Bill Clinton came to a little village in East Cork last night and the locals loved it.

It was early evening when the tiny village of Shanagarry gathered to witness the arrival of the 42nd president.

Sleepy hamlets in East Cork do not get many days like this.

Clinton was guest speaker at the Worldwide Ireland Fund dinner attended by over 200 delegates from 12 countries.

It was held at Ballymaloe House, the epicenter of the slow food revolution in Ireland where  the Darina Allen family has established a worldwide reputation for fine cuisine.

The little meeting center where the event was held was more used I’m sure, to local parish functions and the occasional wedding.

Alongside the president was Irish Prime Minister Enda Kenny making it a spectacular night for the East Cork speck on the map.

Throw in Nobel Laureate Seamus Heaney who accepted a lifetime achievement award and dance legend Michael Flatley and you have a perfect alignment of stars.

The buzz all day at the Ireland Fund event was the decision by Sinn Fein’s Martin McGuinness  to meet with Queen Elizabeth in Belfast next week.

Bill Clinton called it a “terrific” moment in his speech and there is no question that we may witness the last great historic moment of the Irish peace process next week.

As Ireland Funds CE0 Kieran McLaughlin noted, the process that has become so mundane would never have happened without Clinton’s intervention.

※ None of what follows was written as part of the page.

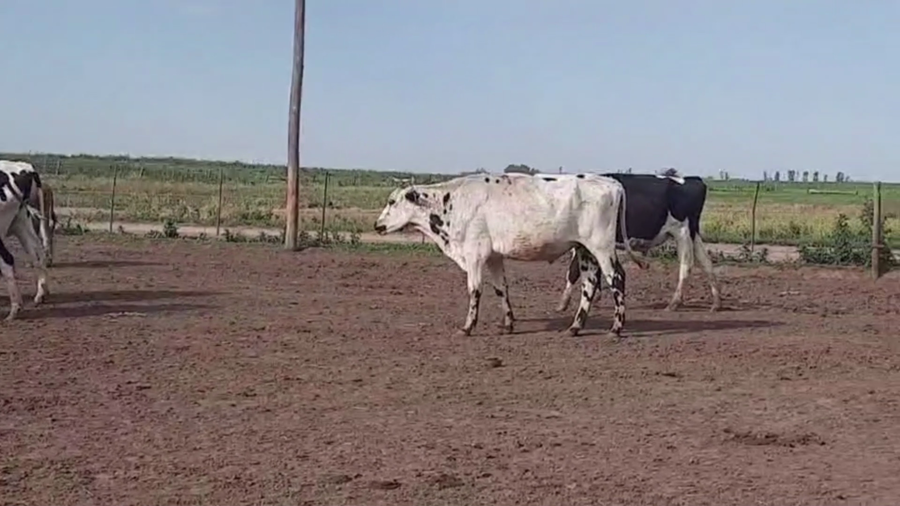 Lote 47 TERNS. MACHOS H.A., TRENQUE LAUQUEN, BS. AS.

As he is wont to, Clinton’ s remarks weaved across many tapestries, his time in office, the upcoming election, but mostly the Irish economy and how to get out of the mess they are in.

“Creative cooperation” is Clinton’s buzzword these days and he points to the US states that are doing best as examples of it, where opposing parties get together for the good of the state.

Unspoken was the reality that there is no creative cooperation in Europe at the present over the Euro which has led to the mess to begin with.

Come to think of it it was exactly creative cooperation which got Queen Elizabeth and Martin McGuiness to agree to meet next week. As Clinton noted, Elizabeth is long enough on the throne to make her own decisions and obviously she wants it as part of her legacy.

Enda Kenny was also in rare form. Clinton gets every politician alive to up their game, though as Kenny remarked appearing after Clinton and before a
Nobel Laureate Seamus Heaney, is a tough business indeed.

Heaney was introduced by Ireland Fund chairman Loretta Brennan Glucksman who recited a wonderful poem Heaney had written for her after her husband’s passing.

Heaney got the largest ovation of the day and deservedly so. He is one of Ireland’s greatest national treasures, one of a handful who bestrides the world with no equal.

Once he wrote “no glass of mine was ever raised to toast a British queen.”
I’d bet he, like so many Irish these days, would say that is in the past now.

And indeed it is. As he flew out from Ireland last night, Bill Clinton knows that his work on Ireland is the gift that keeps on giving, as peace continues to break out and a former top IRA commander meets a British queen.

As a Shanagarry local has likely never said “Who wudda thunk it”?